Вольфганг едва не лопнул от смеха. Я и не подозревала, что он умеет так хохотать. Мимо прошла сухонькая дама, в руке она держала скрученную кожаную веревку, однако впереди дамы бежал не пес, а мужчина. Вольфганг принес два до смешного маленьких стаканчика ванильного мороженого, один из которых протянул мне. Мой язык мигом слизнул мороженое. Затем с того же языка сорвалось мое заветное желание:
— Я хочу эмигрировать в Канаду!
— Что-что?
— Я хочу эмигрировать. В Ка-на-ду!
От изумления Вольфганг едва не подавился.
— Почему именно туда? Там ведь так холодно!
— Потому что холод — моя стихия. Ты до сих пор не понял? И когда тебе просто тепло, я уже умираю от жары.
Глаза Вольфганга наполнились слезами, его лицо напомнило мне собачью морду. Если собаки потеряли кого-то из своей стаи, они начинают как сумасшедшие разыскивать его и отчаянно выть. Но ими движет не любовь, а экзистенциальный страх. По их мнению, они могут выжить только в группе. Я не считаю себя пупом земли, как говорила про меня воспитательница, но мне приятнее быть одной, это рациональнее с точки зрения поиска пищи, да и практичнее.
Коротко простившись с Вольфгангом, я порадовалась тому, что могу спокойно продолжать работу. Мне хотелось немедленно погрузиться в воспоминания о граммофоне из моего детства. Увы, как я ни старалась, единственным граммофоном, приходившим мне на ум, был тот, который я видела сегодня в торговом доме и рядом с которым стоял наглый далматинец. Он вел себя так, словно имел полное право находиться там, хотя даже не был настоящим псом. Фрагмент моих воспоминаний заменился в магазине на товарный знак.
Писать автобиографию — значит угадывать или додумывать все, что успел забыть. Мне казалось, я достаточно подробно описала Ивана, в действительности же я едва помнила его. Или даже так: временами я вспоминала его поразительно отчетливо, и это могло означать только то, что данный Иван был лишь плодом моего воображения.
Воспоминания сохранились в движении моей лапы. Оно потрясло меня на той конференции. Когда я пыталась воссоздать в памяти лицо Ивана, мне виделся исключительно Иван-дурак из сказок.

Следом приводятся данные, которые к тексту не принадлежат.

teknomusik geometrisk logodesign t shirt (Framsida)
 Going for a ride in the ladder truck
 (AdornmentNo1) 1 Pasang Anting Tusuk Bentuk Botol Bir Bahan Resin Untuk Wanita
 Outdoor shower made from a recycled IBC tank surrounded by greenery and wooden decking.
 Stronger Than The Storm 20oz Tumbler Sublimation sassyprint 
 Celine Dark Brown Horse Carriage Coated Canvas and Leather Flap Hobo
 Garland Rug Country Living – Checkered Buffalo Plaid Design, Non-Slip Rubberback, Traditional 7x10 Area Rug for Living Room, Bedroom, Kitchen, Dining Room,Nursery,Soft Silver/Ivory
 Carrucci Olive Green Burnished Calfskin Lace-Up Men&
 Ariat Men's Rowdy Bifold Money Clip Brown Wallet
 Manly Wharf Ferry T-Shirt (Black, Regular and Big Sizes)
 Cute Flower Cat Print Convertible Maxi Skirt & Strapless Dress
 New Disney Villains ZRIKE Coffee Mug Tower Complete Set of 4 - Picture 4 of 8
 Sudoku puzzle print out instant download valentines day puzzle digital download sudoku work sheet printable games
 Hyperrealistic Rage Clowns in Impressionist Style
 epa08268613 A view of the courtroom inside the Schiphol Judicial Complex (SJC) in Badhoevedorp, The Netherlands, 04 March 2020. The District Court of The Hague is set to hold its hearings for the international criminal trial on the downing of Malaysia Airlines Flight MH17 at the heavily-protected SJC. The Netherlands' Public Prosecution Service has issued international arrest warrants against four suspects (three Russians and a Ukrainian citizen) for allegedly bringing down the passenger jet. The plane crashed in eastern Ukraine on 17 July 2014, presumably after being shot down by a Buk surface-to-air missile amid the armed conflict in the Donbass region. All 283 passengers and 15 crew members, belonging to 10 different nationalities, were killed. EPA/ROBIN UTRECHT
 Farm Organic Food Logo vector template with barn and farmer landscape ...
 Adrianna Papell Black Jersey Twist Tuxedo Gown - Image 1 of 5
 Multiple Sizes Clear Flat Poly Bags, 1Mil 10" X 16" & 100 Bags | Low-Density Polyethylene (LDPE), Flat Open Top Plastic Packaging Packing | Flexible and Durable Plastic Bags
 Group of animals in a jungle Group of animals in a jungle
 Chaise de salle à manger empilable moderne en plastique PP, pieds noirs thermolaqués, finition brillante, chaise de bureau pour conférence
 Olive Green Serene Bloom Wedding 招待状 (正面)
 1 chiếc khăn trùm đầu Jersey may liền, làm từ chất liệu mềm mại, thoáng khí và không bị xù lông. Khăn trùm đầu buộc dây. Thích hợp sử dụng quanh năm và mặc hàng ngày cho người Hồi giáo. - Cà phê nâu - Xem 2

В отношении письма у меня назревало новое сомнение. Вместо того чтобы дальше писать автобиографию, я схватила книгу, которую, к счастью, мне не пришлось писать самой, потому что ее уже сочинил кто-то другой. Чтение стало бегством от письма, но, вероятно, меня можно было простить, ведь я перечитывала уже прочитанную книгу, а не бралась за новую. Пес в рассказе «Исследования одной собаки» фокусировался на настоящем, ворчал и размышлял, вместо того чтобы смастерить себе достоверное детство. Почему я не могу писать о настоящем? Почему вынуждена изобретать правдоподобное прошлое? К тому же автор собачьей истории писал не автобиографию, а просто наслаждался тем, что становился то обезьяной, то мышью. В течение дня он принимал вид человека, ходил на работу, исполнял роль служащего, а ночами сидел за рукописью. Однажды я была на конференции в Праге. Фамилия Кафка не прозвучала там ни разу. Позднее этот город тоже пережил свою весну, но Кафка жил гораздо раньше. Еще до зимы. Он не знал реалий нашей страны и тем не менее понимал, что я подразумеваю, говоря, что никто не может действовать исключительно по собственной свободной воле.